Using the equation for terminal velocity, integrating the pull of gravity and air density, and using a Cd around 0.0006 (about what a thin, guided rod would have - typical for an arrow) I get a terminal velocity that is really high - around 31,000 meters per second. Is that reasonable? Well, there is essentially zero cross section, a lot of mass, zero drag, low air density for most of the flight, and lots of distance for gravity to work over...
Sanity check: most meteorites strike around 17,000 m/s so given we're quite a bit more aerodynamic than a meteorite, it's not all that unbelievable.

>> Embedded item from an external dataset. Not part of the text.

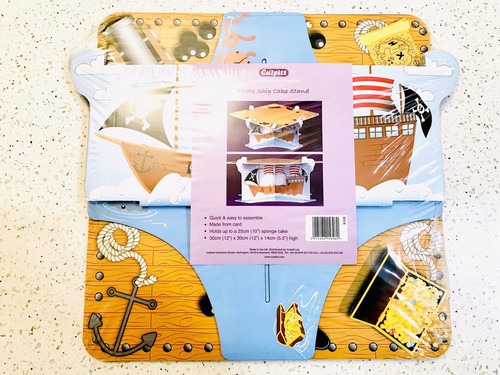Fun pirate ship cake stand - fun,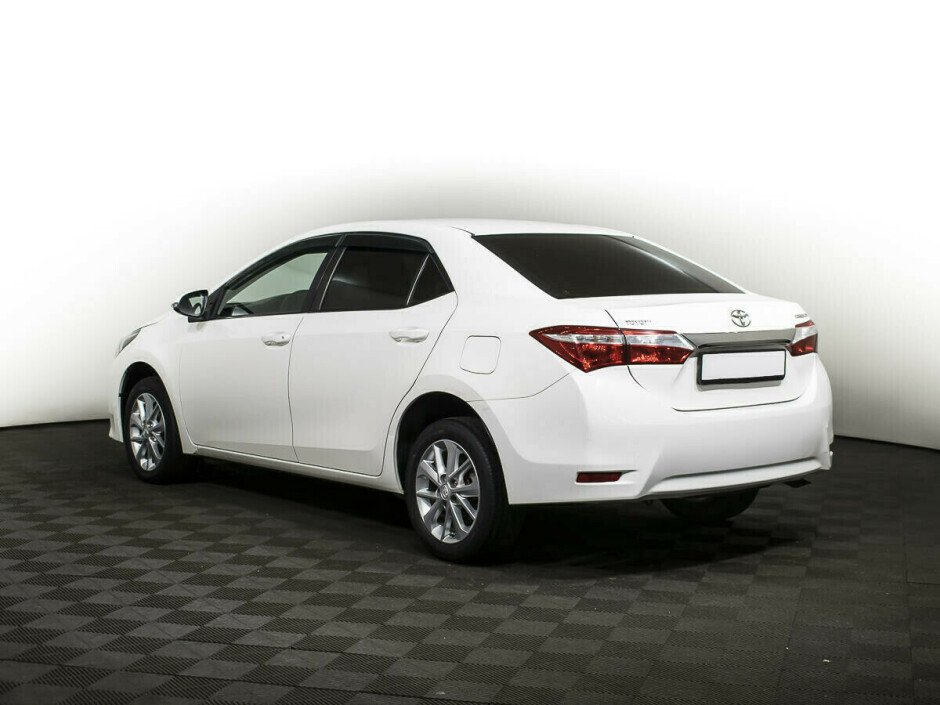 2015 Toyota Corolla , Белый металлик - вид 4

One kiloton of TNT is about 4.2 gigajoules, which is a lot smaller than your number (which seems to be about 1000 times too high). Run it all, and you're around 11-12 kilotons of energy.
Unless I'm off somewhere!
Aw, come on, how many of us has not done that a few times?
No way I would post any calculation unless I wrote it all out and triple checked it.
Meteorites may hit the upper atmosphere at 17000 m/s, but they sure don't hit the ground at that speed. And your tungsten pole is coming from orbit, not deep space, so it starts out at orbital velocity, about 8000 m/s.
Gravity will buy you a little coming from orbital altitude, but not 24,000 m/sec, and especially not 24,000 m/s through the atmosphere. A terminal velocity, at the earth's surface, of 31,000 m/s (that's 69,000 miles/hour, faster than *any* manmade object has *ever* gone, by a factor of almost two) ... that's completely impossible.
A kiloton is equal to 4.184 TERAjoules, not gigajoules. (It's in your link.)
So, if the rest of your calculation is correct, that's 11 or 12 tons of TNT, which would place in the upper range of conventional aerial bombs.